As a senior leader, it's likely that most of the time you don’t get involved in the details of sales conversations.
You see forecasts, dashboards and renewal numbers. You might hear some updates about “the big ones". But mostly it's run-rate trends you're watching.
You need to know your sales team are on track to hit their numbers. And if they are, you and your senior colleagues can have the confidence to invest in developing your business.
The focus of sales is clear. Sales must hit their numbers.
But this apparent clarity of purpose can lead to problems. Your sales team might prioritise achieving quota and budget at the expense of customers achieving the outcomes they expected from your products and services.
Two potentially conflicting priorities emerge for your sales team:
Push customers to get purchase orders to achieve revenue goals.
Or work with customers to define clear, deliverable outcomes, with a realistic path to achieving them.
Sales Reset is all about organisations like yours achieving both goals. The goal is for sales teams to become increasingly accountable for both quota achievement and ensuring their customers achieve expected outcomes.
Learning how to prioritise bespoke customer outcomes in a reliable sales process won’t happen at scale because of a training course.
It happens when the senior team designs the organisation, systems and processes so that using coaching skills with customers becomes the most effective way to sell, and the most reliable way to achieve revenue goals.
This article is about your role in that design.
What you are really asking sellers to do
If you want to sell in a way that prioritises the use of coaching skills with customers to articulate bespoke customer outcomes, you are asking your sellers to do something demanding.
You are asking them to:
Continue to be accountable for achieving quota.
Use their time in key conversations to explore a much broader range of stakeholders' needs and priorities
Help customers articulate how success will be measured and reported.
Qualify pipeline opportunities earlier where outcomes stay vague or undeliverable.
These changes are far from easy and straightforward. It takes much more commercial awareness, skill, judgement and courage than pushing for a quick demo or discount.
Done properly, it also speeds things up where it matters:
Weak opportunities are qualified out earlier.
Strong opportunities move faster because outcomes, stakeholders and risks are clearer.
“No decision” and late surprises are reduced.
Sellers will only work this way consistently if they believe two things:
They will not be punished for qualifying out early or reshaping deals so outcomes are deliverable.
The rest of the organisation will engage in developing these bespoke outcomes and the support required to deliver the promises they help customers make.
You cannot coach that belief from the bottom up. It has to be designed and modelled from the top.
Your system already tells sellers how to behave
Right now, your system already decides how most sellers behave under pressure. For example:
Compensation plans that pay out on purchase orders, regardless of whether outcomes are achieved.

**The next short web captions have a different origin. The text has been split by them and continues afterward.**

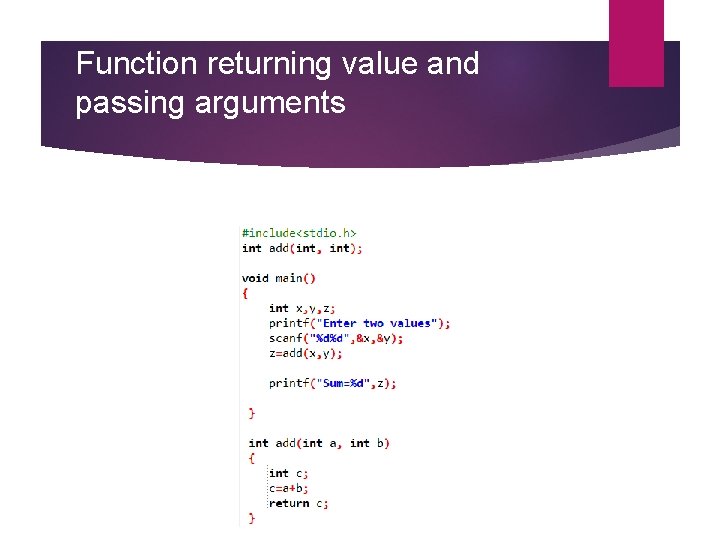 Function returning value and passing arguments 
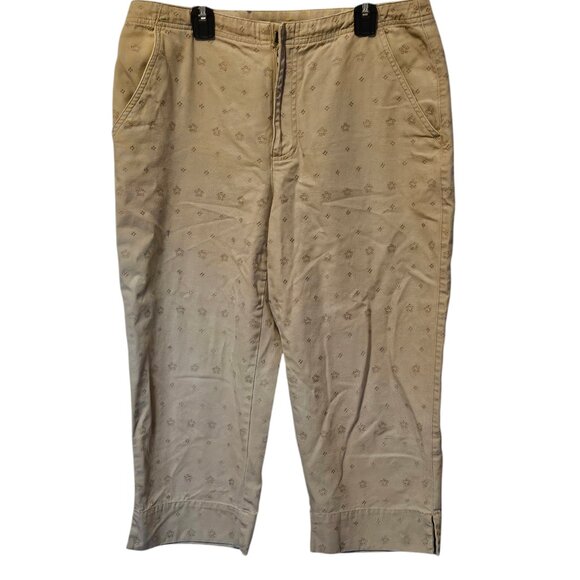Liz Claiborne Liz wear Tapered Pants Women's size 12 Khaki Beige Flower Detailed - Picture 1 of 3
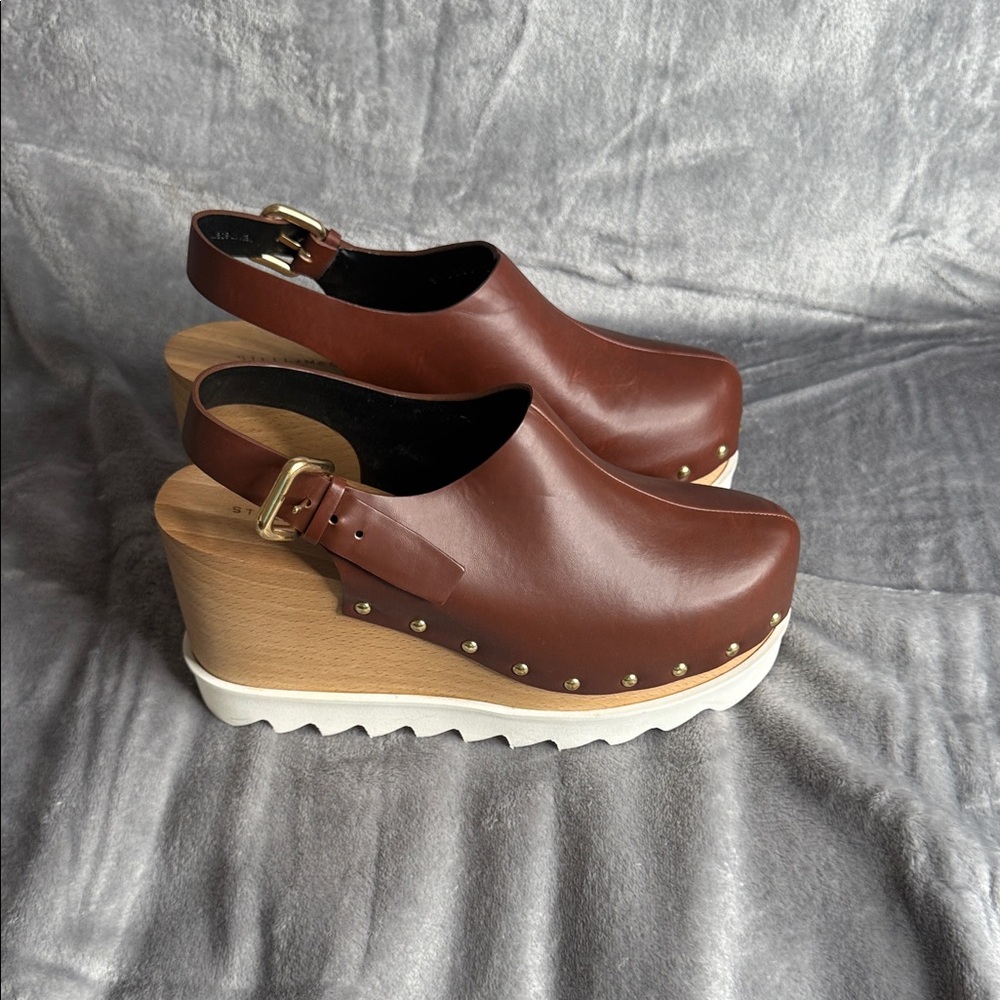 Stella McCartney Brown Leather Platform Shoes - Picture 4 of 7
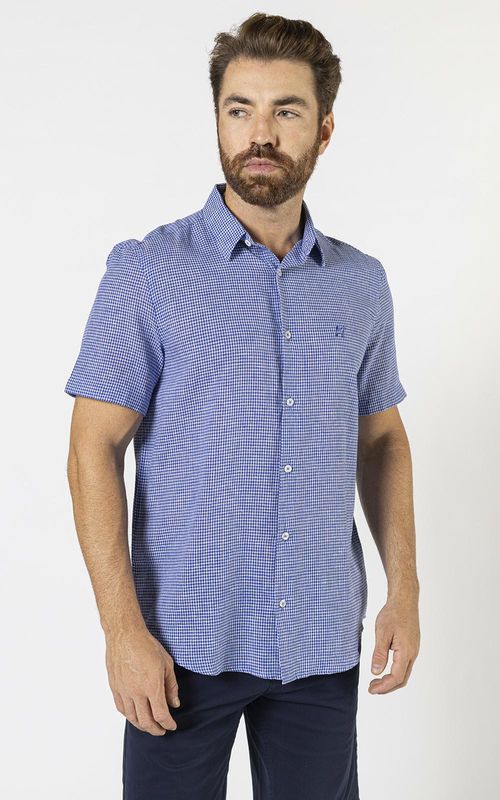 Camisa ML masculina - XADREZ AZUL PEQUENO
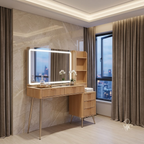 Coiffeuse Ambre avec Miroir LED et Rangement Complet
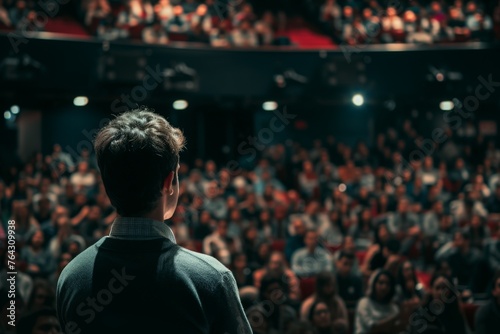 A man confidently stands before a large crowd, addressing them with determination, Man presenting a pitch in an auditorium filled with people, AI Generated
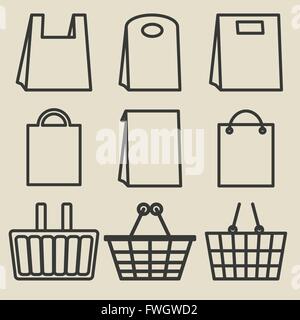 store bag set - vector illustration. eps 8 Stock Vector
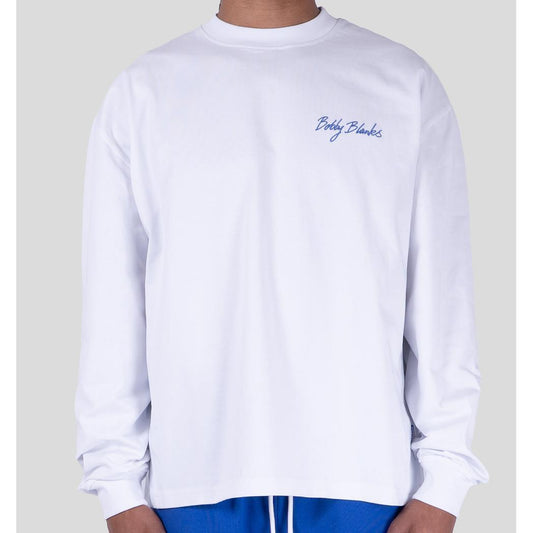 BOOKMARK LONGSLEEVE WHITE/COBALT-Bobby Blanks-Mansion Clothing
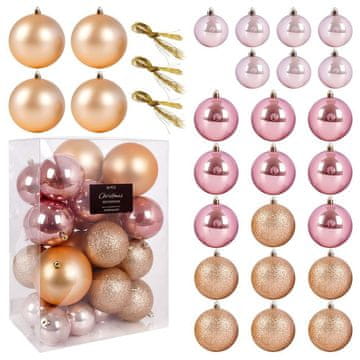 shumee Nezlomljive roza kroglice za božično drevo 6-10 cm 26 kosov.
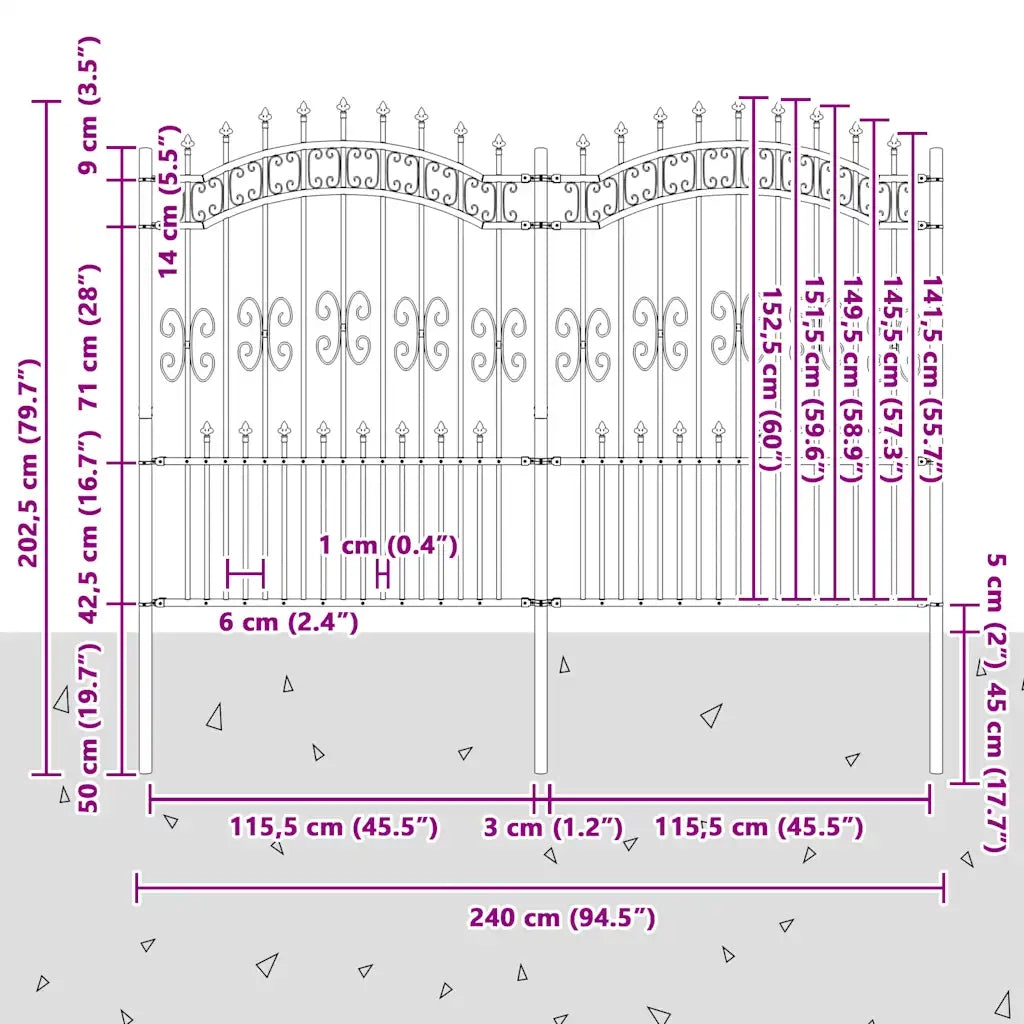 Recinzione da Giardino | Recinzione da cortile KAMPEN con Punta a Lancia Nera 240x150 cm in Acciaio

CRM fields that focus almost exclusively on dates, values, and stages, not on outcomes, stakeholders, or delivery risk.
Deal reviews that ask “when will this close?” far more frequently than “what outcomes have they articulated, and can we deliver them?”.
Proposal processes that allow the sales team to make significant commitments without anyone in Delivery, Customer Success, or Product seeing them first.
Sales meetings that exclusively celebrate wins, not outcomes achieved.
You can stand up and say, “We want better coaching skills with customers”.
But if these signals stay as they are, the message sellers hear is:
“Talk fast, keep deals alive, get it booked. We’ll worry about outcomes later.”
If you want a different pattern, system signals and priorities must change.
How to make coaching skills the fastest route to good revenue
You don’t need a full reorganisation. You need a small number of visible design moves that make coaching-led conversations the smartest way for sellers to hit their number.
Here are three levers that are practical and high impact.
1. Make outcome clarity a visible gate for bigger deals
For significant opportunities, require a simple, standard check before proposals go out:
An outcome thesis in the customer’s words.
A named internal sponsor who is prepared to be accountable for delivering that outcome.
Clarity about how success will be reported and to whom.
A risk register and plan from Delivery or Customer Success on feasibility and timing.
This is not bureaucracy for its own sake. It is an explicit choice:
“We will prioritise revenue where we have sufficient confidence we can deliver what we promise.”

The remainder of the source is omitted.